Locke0 commented 1 month ago

How is OpenVLA evaluated in the original paper?

Full Size 7B OpenVLA model was evaluated on the WidowX robot and Google Robot
WidowX 17 tasks across 5 categories:
1. Visual generalization (5 tasks)
2. Motion generalization (2 tasks)
3. Physical generalization (3 tasks)
4. Semantic generalization (4 tasks)
5. Language grounding (3 tasks)

Google Robot 12 tasks with 5 rollouts each (last 7 tasks out of distribution)

Fine-tuning experiments

"We fine-tune OpenVLA on 10-100 demonstrations across 7 Franka Emika Panda tasks, ranging from single-instruction tasks to diverse multi-instruction tasks"

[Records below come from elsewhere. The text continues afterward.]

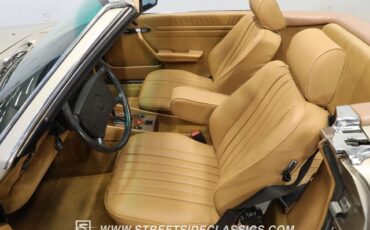 Mercedes-Benz-SL-Class-Cabriolet-1986-4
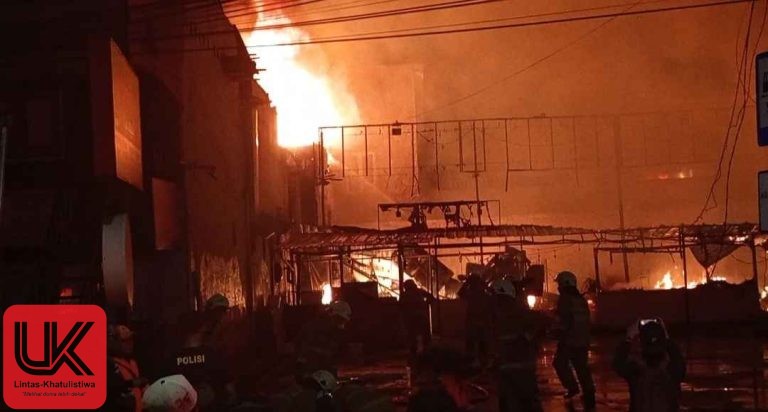 Si Jago Merah Melalap Ruko Fatmawati di Tengah Malam
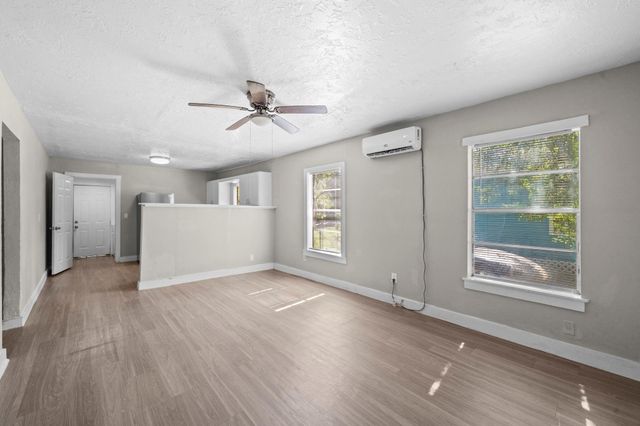 8 Jennische St, Baytown, TX 77520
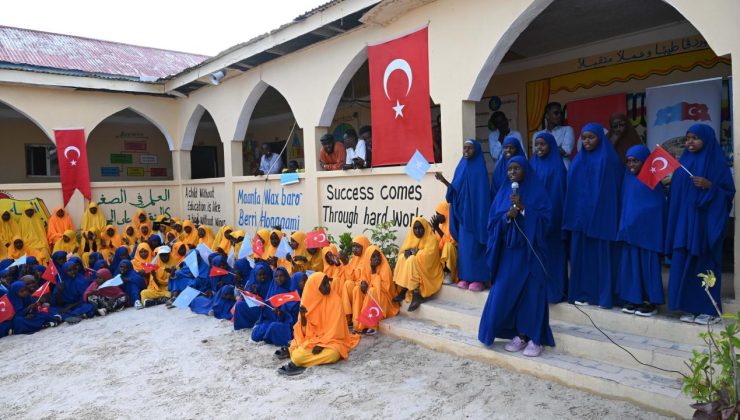 Türkiye’den Somali’de eğitime destek: Bir okulun derslikleri yenilendi
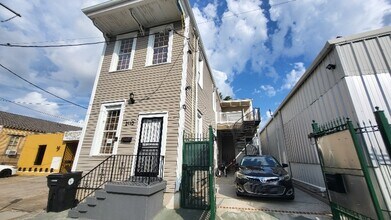 2130 Simon Bolivar Ave in New Orleans, LA - Building Photo - Building Photo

Fine-tuned OpenVLA 7B LIBERO model evaluated on LIBERO dataset specifically

Locke0 commented 1 month ago

How can we adapt it for zero-shot?

Just need to modify transform.py and dataset_statistics.json to add new normalization and action space mapping configs

What are the datasets the original work covers in its evals?

Evaluated on real robots except that the fine-tuned 7B OpenVLA LIBERO model was evaluated on LIBERO using mujoco simulation

What are the model specs during evaluation? Full-scale or quantized?

Full-scale